In a technology industry defined by Silicon Valley aesthetics — the minimalist logos, the mission statements about changing the world, the obsession with funding rounds and valuations — Zoho built a brand that is explicitly the opposite of all of that.
Zoho is headquartered in Chennai and proud of it. Its founder Sridhar Vembu has repeatedly and publicly rejected venture capital, the startup hype cycle, and the idea that a technology company needs to be based in a global hub to be world-class. Zoho has built schools in rural Tamil Nadu and writes about it. It has made its values — bootstrapped, Indian, long-term, employee-first — a central part of its public identity.
For a certain kind of customer — particularly businesses that are suspicious of Silicon Valley hype and want a reliable, founder-run alternative to American SaaS companies — Zoho’s brand is a powerful differentiator. The product is genuinely good. But the brand is what makes the choice feel right at a deeper level than a feature comparison.
What founders get wrong about branding
The most common mistake early stage founders make with branding is treating it as something to address after product-market fit.
This is backwards in a subtle but important way. Brand is not separate from product — it is built simultaneously, through every interaction a customer has with the company. The way you respond to a negative tweet, the tone of your onboarding email, the care in your error messages, the honesty in your pricing page — all of it is accumulating into a brand impression whether you are thinking about it or not.

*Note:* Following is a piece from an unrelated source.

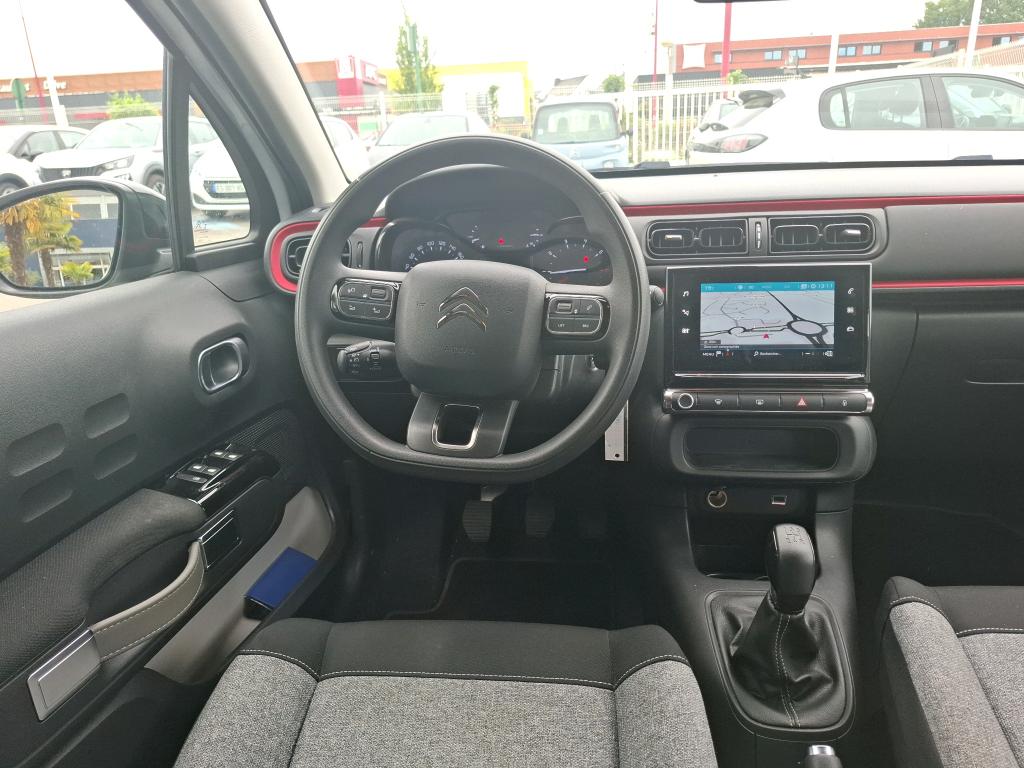 Citroen C3 PureTech 83 S&S BVM5 C-Series 2022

The second mistake is confusing brand with logo. A logo is a symbol that triggers brand associations. The associations themselves come from experience, consistency, and time. A beautiful logo connected to an inconsistent experience builds nothing. A plain logo connected to consistently excellent experience builds something extremely valuable.

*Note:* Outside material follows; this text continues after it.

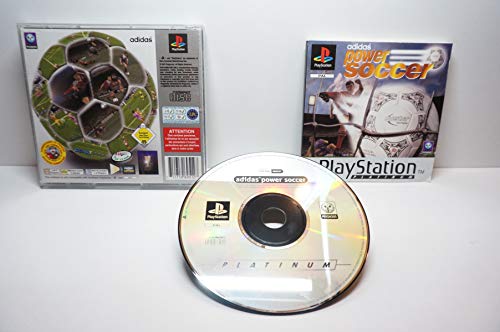 Adidas Power Soccer Ps1 - vue 3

The third mistake is trying to be everything to everyone. As we will explore in the next article on positioning, the strongest brands own a specific association in a specific customer’s mind. Amul owns dairy nostalgia and Indian pride. boAt owns youthful aspiration. Mamaearth owns natural safety. None of them tried to own everything — and their clarity of positioning is what makes their brands legible and sticky.

Building your brand deliberately
For a startup founder, building brand deliberately starts with one question: what is the one thing we want to own in our customer’s mind?
Not five things. Not a mission statement with four values. One thing.
boAt’s answer was aspiration. Mamaearth’s answer was safety. Zepto’s answer was speed. Each of these is simple enough to communicate consistently across every touchpoint — and consistent communication across every touchpoint over time is how a brand is built.
Everything else — the logo, the colours, the tone of voice, the visual identity — should be in service of making that one association clearer and more consistent. They are not the brand. They are the instruments through which the brand is expressed.
Understanding business means understanding that your brand is not what you say about yourself. It is what your customers say about you when you are not in the room.
Startup takeaway:
“Your brand is not your logo. It is the feeling someone has about your company before they even open your app.”